ビルが繰り出す氷の刃に頬を脅かされる平日。レジで大量に入ったバーゲンブックの裏表紙へ値札を付ける。取次経由で入ってきた本と区別するための「自由価格本」という強粘着シールがすでに貼られている。その横へ値段を添える格好だ。隣ではパートの女性がハヤカワ文庫のカバーを折っている。

「どうぞ」「それって古本じゃないんだよね?」いまさらですか。だが年季の入ったものが多く、まぎらわしいのは事実だ。「一度もお客さんに購入されていない本なので、あくまでも新刊です」「出版社が再販制度から外した商品だから、買い取った業者が価格を設定できるんだっけ?」「そうです」「ってことは、そこから仕入れた書店も売る値段を自由に決められるの?」「ルールとしては。この価格を会社の誰がどう決めているのかは知りませんが」まだサンマの骨が歯茎に刺さったような顔をしている。

「どうしました?」「そもそもさ」「ええ」「再販制度って何?」

一瞬言葉を失う。この店のキャリアは彼女の方が長い。「誰に訊いてもちゃんと教えてくれないの。何となくわかってるから支障はないけど」珍しいことではないのかもしれない。昔通っていた英会話スクールでも、文法に関するネイティブ教師の知識はけっこう曖昧だった。

「再販売価格維持制度。出版社の決めた値段で売ることを取次や書店に強制できるルールのことです」「バーゲンブックはその例外ってわけ?」「新刊で販売された書籍や雑誌で一定期間を経たものは、出版社が定価の拘束を外せるようです」「じゃあさ、もしこれを子どもが立ち読みしてて破いちゃったら返品できる?」考えた。

「卸業者によると思います。
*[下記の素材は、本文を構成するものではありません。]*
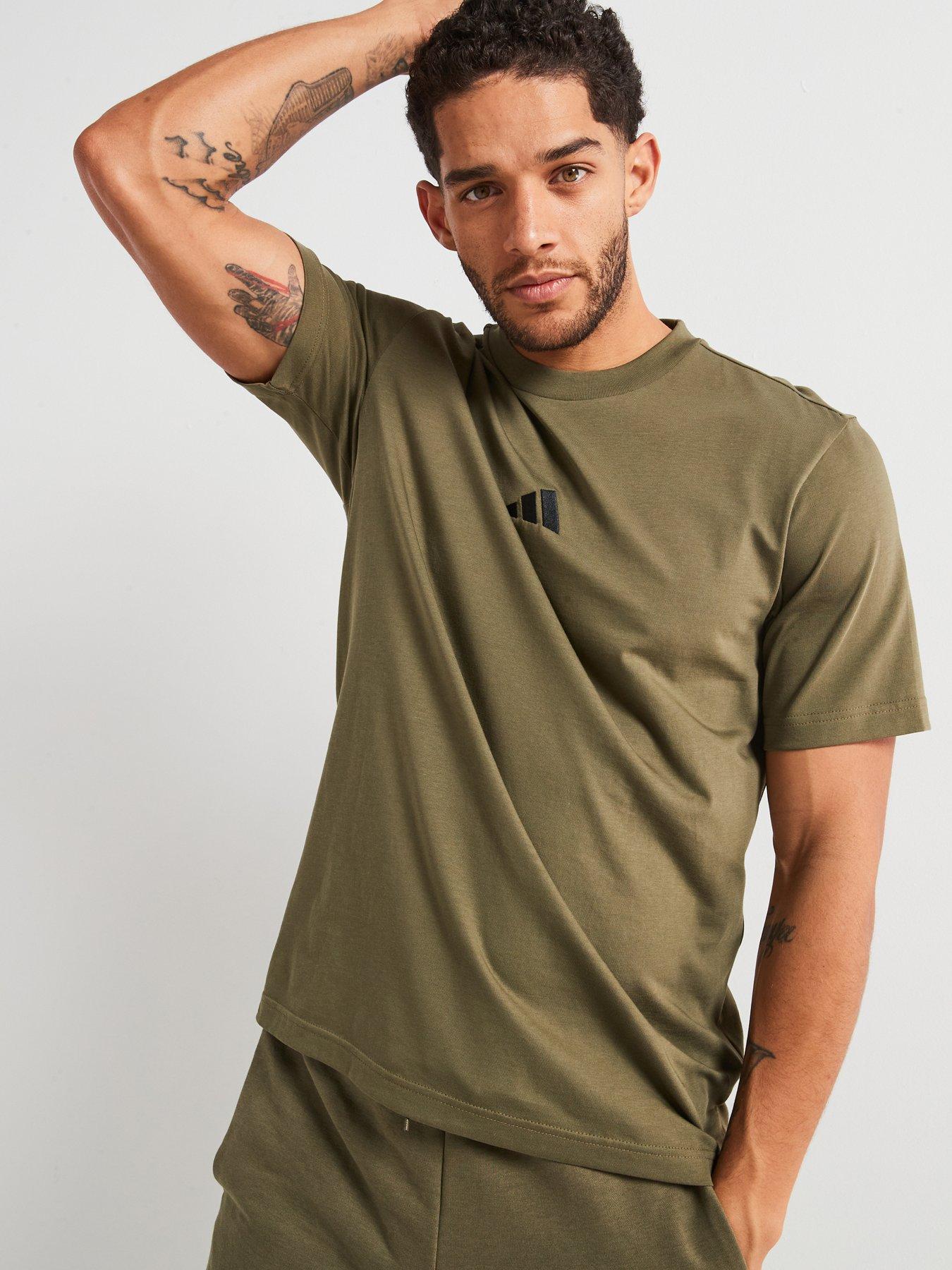 adidas Sportswear: Men's Essentials Small Logo Single Jersey Tee - Green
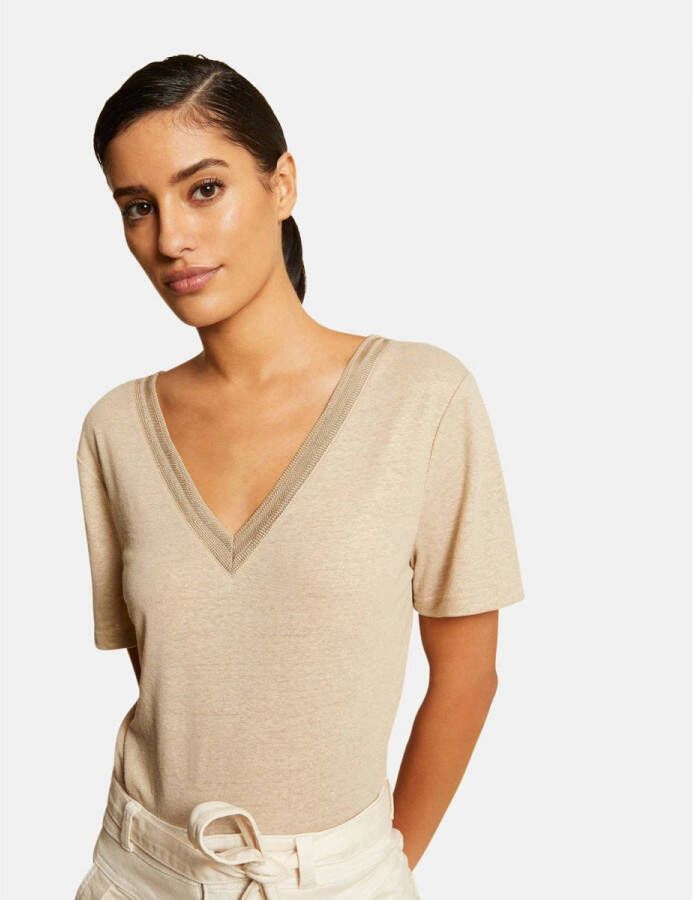 Morgan gemêleerd T-shirt met linnen beige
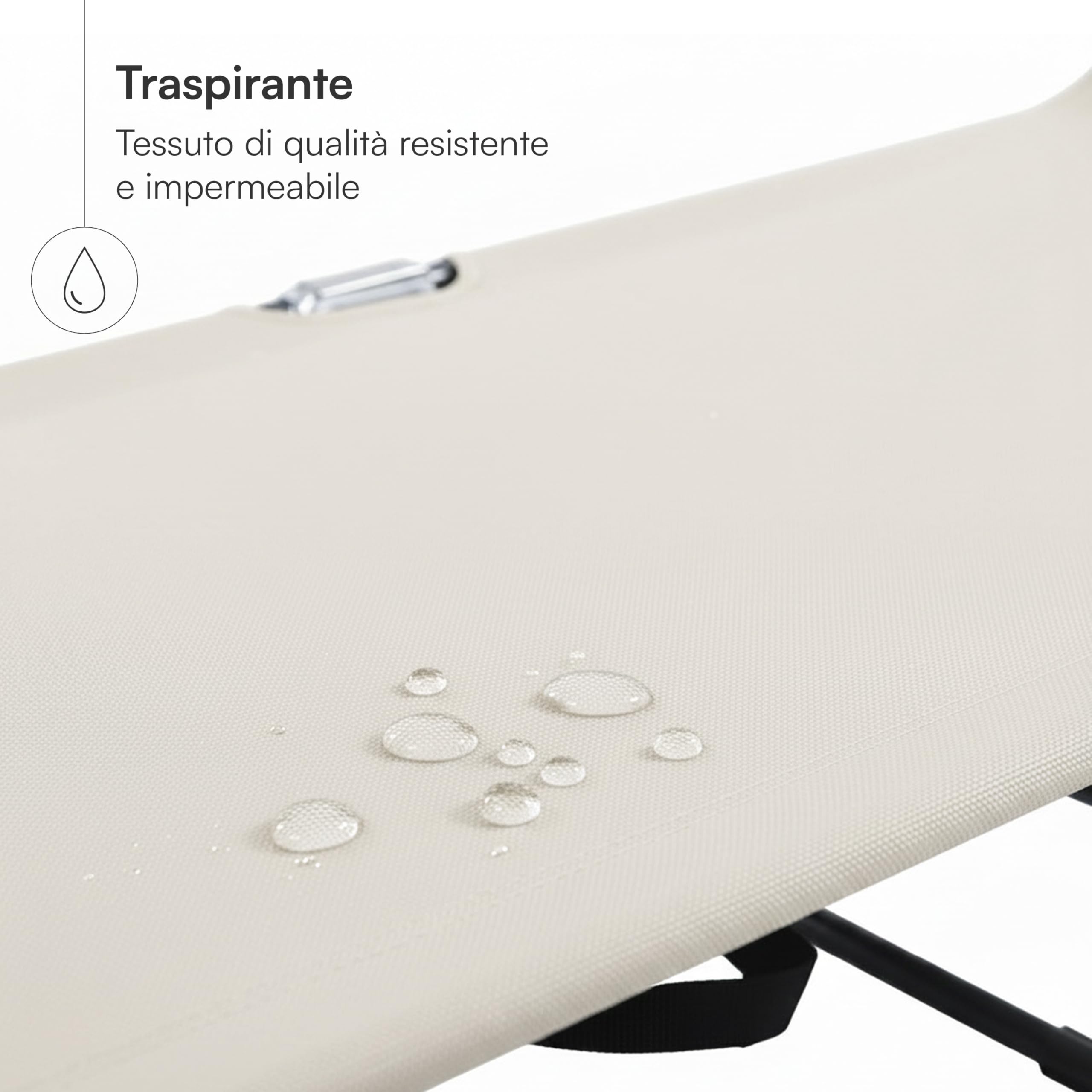 Baroni Home sdraio pieghevole panna 186x55x24 cm parasole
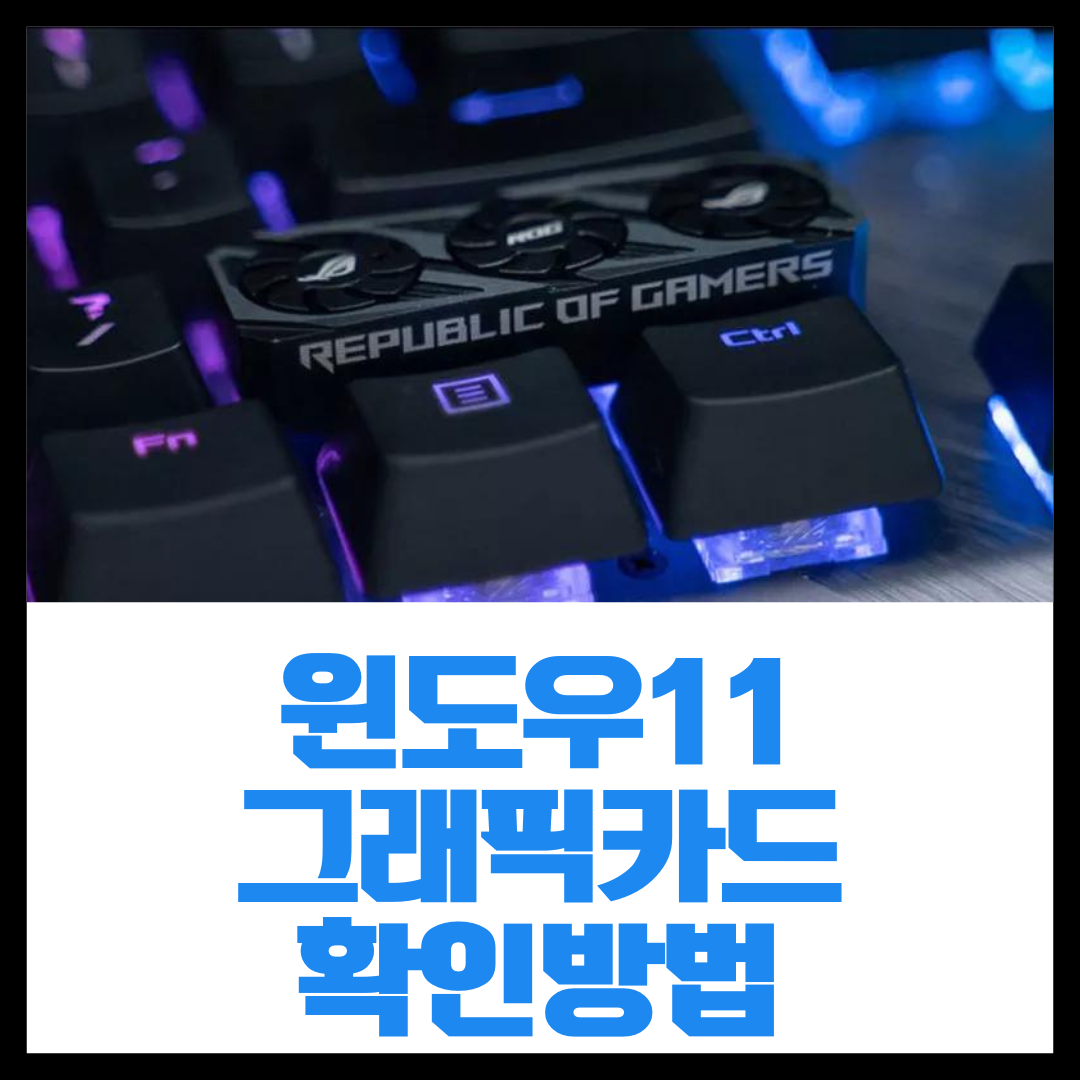 윈도우11 그래픽카드 확인방법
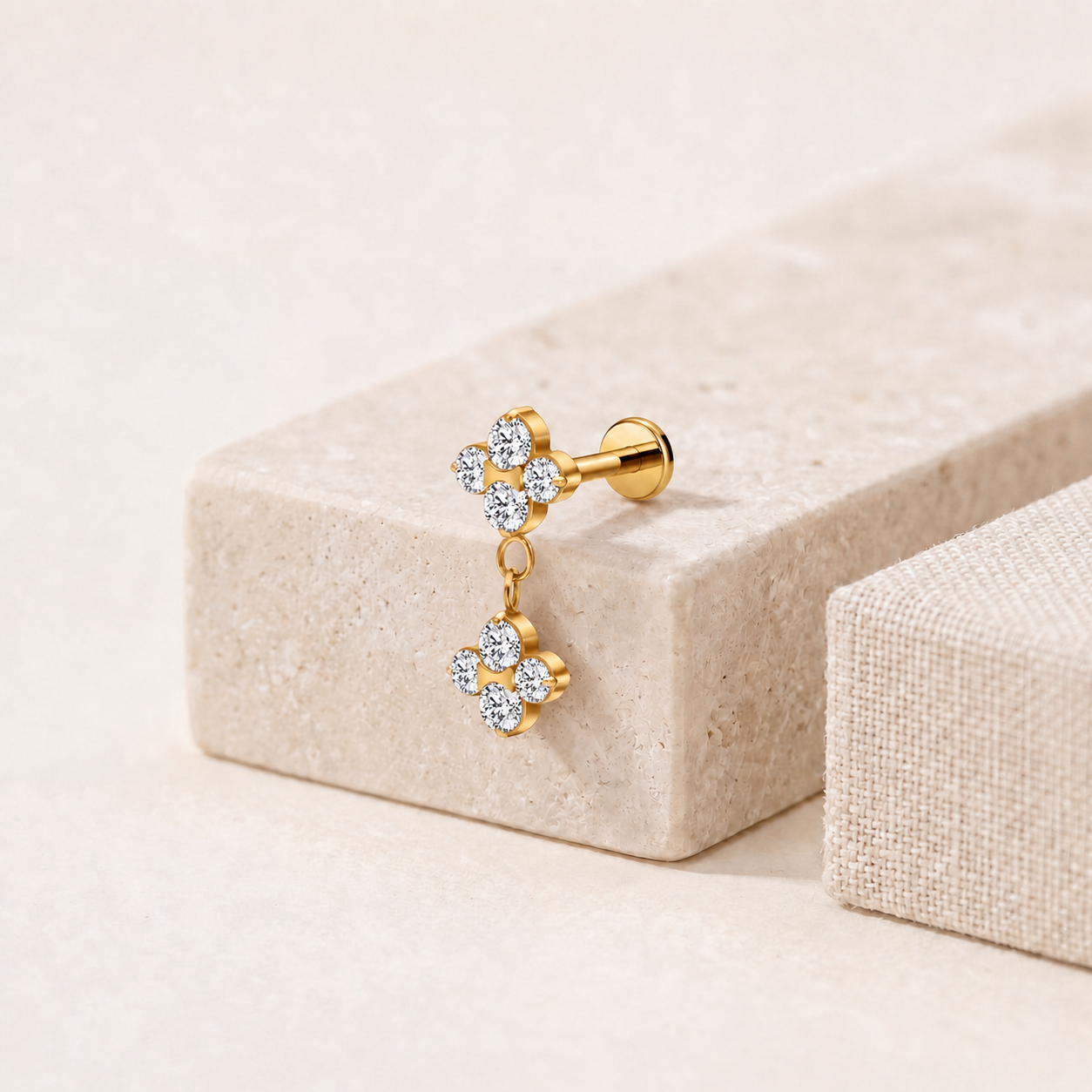 Flower Crystal Drop Titanium Flat Back Earring - image 5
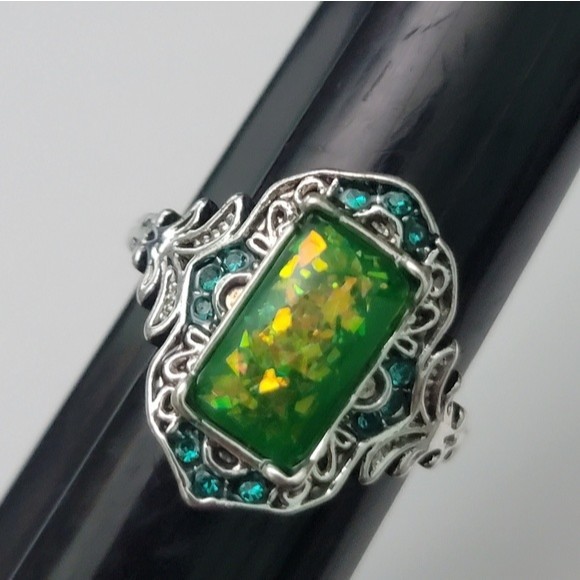 Green Fire Opal Cocktail Ring Sizes 7.5 9 art Deco Vintage Inspired - Picture 5 of 10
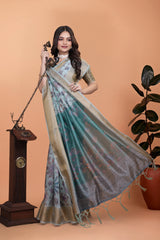 Powder Blue Premium Crystal Saree with Contrast Teal Pallu Kalyanja KS381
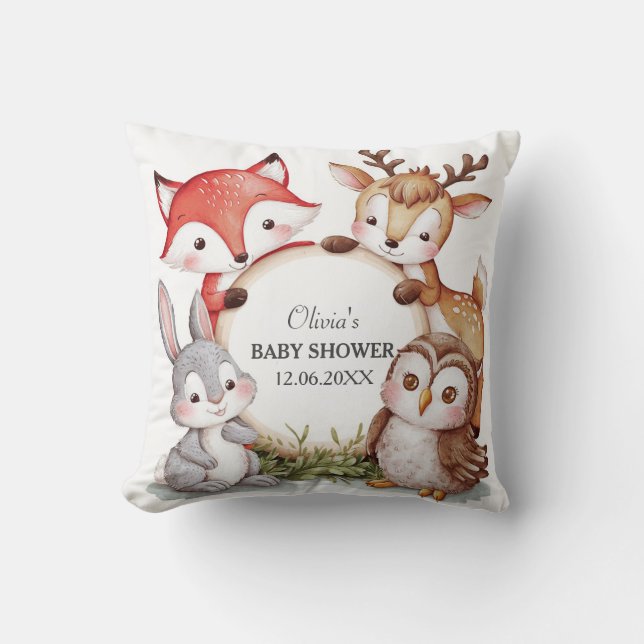 Woodland Animals Cute Baby Shower Cushion (Front)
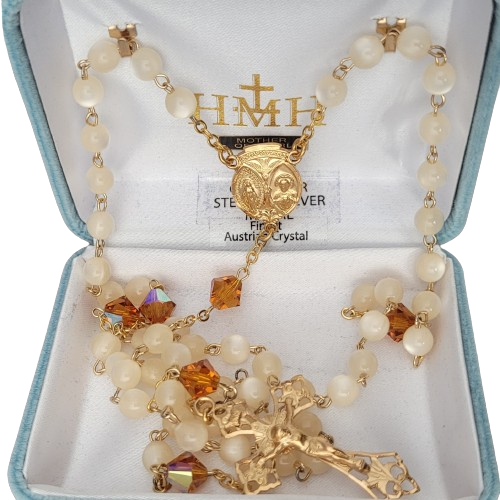 Rosary Gold Plated 6mm Mother of Pearl and 8mm Austrian Crystal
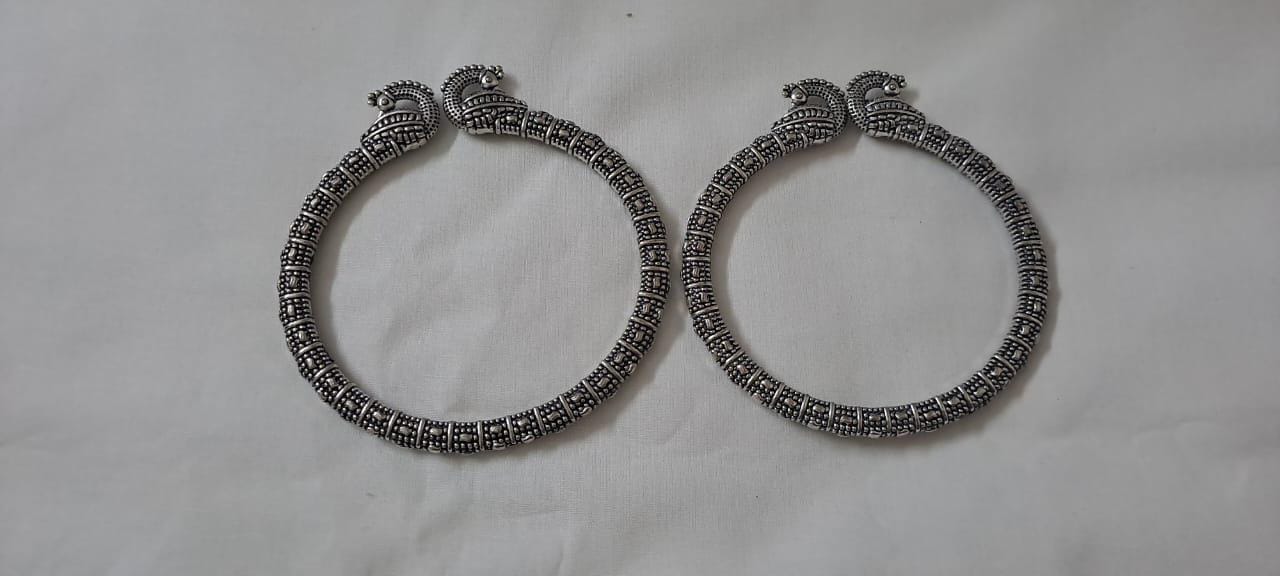 Traditional silver oxidised bangles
でも基本は買い切りなので不可でしょう」「そうなんだ。まあいいか。最悪1円で売れば解決するし」その発想はなかった。「あとさ、本を売ったときの書店の利益は約2割って言ってたよね? バーゲンブックも同じ?」「もっと高いはずです」「だったらコーナーを増やせばいいのに」「ウチは新刊書店だから」「これも新刊扱いでしょ?」幼少期のエジソンと話している気分だ。だがこういう視点と好奇心は忘れたくない。誰もが当たり前の常識としてスルーする何か。閉塞した状況を打ち破るヒントはそういうところに潜んでいる。

「まるでポーの『盗まれた手紙』だな」思わずつぶやく。「え?」「何でもないです」もうすぐ昼だ。お客さんはほとんど来ていない。週末に待ち構えるポイントアップキャンペーンが影響を及ぼしている。まさに朝三暮四だ。「いま話したようなことを手軽に学べる本、ないかな?」「あります」即答してレジを出た。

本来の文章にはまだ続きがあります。